I got my contributor copy of Adanna Literary Journal this week. I am so pleased that they chose 2 of my poems to publish. Today I'll talk about "Oregon Trail." Here's the poem:
She leaves it all behind:
the furniture that never fit
her life, every cabinet full
of dishes that she always hated,
the art supplies, and every key
to locks known and unknown.
She leaves the interview suit hanging
in the closet, along with all the shoes
that pinched. She closes the suitcase
that holds only clothes in her current size.
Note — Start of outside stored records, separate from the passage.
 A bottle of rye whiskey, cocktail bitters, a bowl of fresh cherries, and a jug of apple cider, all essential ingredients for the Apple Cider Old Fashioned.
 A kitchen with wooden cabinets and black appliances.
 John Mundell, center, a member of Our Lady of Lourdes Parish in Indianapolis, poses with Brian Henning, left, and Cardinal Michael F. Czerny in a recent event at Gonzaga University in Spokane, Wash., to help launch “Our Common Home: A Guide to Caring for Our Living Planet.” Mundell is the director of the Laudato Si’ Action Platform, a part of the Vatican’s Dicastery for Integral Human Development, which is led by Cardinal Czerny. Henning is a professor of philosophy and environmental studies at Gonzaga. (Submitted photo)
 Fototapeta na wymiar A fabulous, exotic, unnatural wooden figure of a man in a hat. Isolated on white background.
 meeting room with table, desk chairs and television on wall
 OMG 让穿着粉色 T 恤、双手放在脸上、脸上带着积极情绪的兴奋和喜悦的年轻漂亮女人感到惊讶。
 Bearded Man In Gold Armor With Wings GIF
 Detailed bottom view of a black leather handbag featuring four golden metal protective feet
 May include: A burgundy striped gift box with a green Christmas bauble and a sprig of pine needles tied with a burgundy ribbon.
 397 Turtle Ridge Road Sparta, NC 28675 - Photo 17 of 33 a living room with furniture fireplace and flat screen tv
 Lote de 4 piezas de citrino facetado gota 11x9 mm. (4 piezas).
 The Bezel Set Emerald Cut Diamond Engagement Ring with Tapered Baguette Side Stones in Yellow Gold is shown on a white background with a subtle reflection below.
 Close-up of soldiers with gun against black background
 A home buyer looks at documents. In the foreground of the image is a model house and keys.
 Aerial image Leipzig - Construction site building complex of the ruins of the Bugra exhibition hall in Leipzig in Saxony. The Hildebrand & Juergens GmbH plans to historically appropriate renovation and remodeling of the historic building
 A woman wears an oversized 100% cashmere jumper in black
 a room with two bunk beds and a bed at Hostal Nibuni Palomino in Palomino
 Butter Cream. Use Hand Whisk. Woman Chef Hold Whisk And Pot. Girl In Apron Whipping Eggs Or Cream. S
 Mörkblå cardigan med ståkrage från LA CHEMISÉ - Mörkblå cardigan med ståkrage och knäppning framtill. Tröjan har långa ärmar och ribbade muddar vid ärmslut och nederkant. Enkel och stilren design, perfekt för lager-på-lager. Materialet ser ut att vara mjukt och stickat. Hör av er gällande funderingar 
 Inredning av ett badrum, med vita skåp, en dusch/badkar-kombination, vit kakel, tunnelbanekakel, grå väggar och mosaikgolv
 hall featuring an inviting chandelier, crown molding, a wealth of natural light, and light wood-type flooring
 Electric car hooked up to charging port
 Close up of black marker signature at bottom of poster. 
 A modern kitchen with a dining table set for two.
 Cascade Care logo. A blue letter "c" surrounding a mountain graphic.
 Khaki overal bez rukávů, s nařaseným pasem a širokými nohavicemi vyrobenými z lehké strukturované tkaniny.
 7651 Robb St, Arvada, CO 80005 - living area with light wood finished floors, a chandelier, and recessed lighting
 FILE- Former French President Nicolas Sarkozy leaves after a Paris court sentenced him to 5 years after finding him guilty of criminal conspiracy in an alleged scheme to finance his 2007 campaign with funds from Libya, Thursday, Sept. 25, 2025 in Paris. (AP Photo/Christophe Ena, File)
She thinks of refugees and all they carried,
jewels sewn into hemlines
or those who flee without papers.
She checks her wallet one last time,
all the plastic cards that define
her in place.
She leaves the door unlocked
as she eats one last supper out
with a grad school friend. She writes
the wrong forwarding address on a napkin
before boarding the plane.
This poem is not about me, although aware readers/friends will know that I have often yearned to do this, to pack a bag or two and take off (though in my car, not in a plane), to just start over, to reinvent myself in a new place.
A few years ago, a friend/colleague/person who stayed in our back cottage did just this. She was headed to New York City, which had always been her dream; she had been accepted into a cool sounding graduate program that combined museum curating and fashion and some other elements of archival preservation. It sounded like a dream come true.
And then she abruptly changed course and moved to Utah.
I watched her make decisions about what to keep and what to give away, and I felt all sorts of emotions: awe, inspiration, fear as I watched her cast away all that she said had been important.
The title comes from those emotions. It echoes what those 19th century settlers must have felt. And there's also that video game that showed so many of us how precarious it was to be one of those settlers.
I'm often fond of my poems, and I'm almost always overly fond of the poems I send out to journals hoping that they'll be published. I confess that I'm both fond of this one, even as it gives me pain in remembering how that my relationship with the person who inspired the poem came to an end. I love that creativity can transform that pain.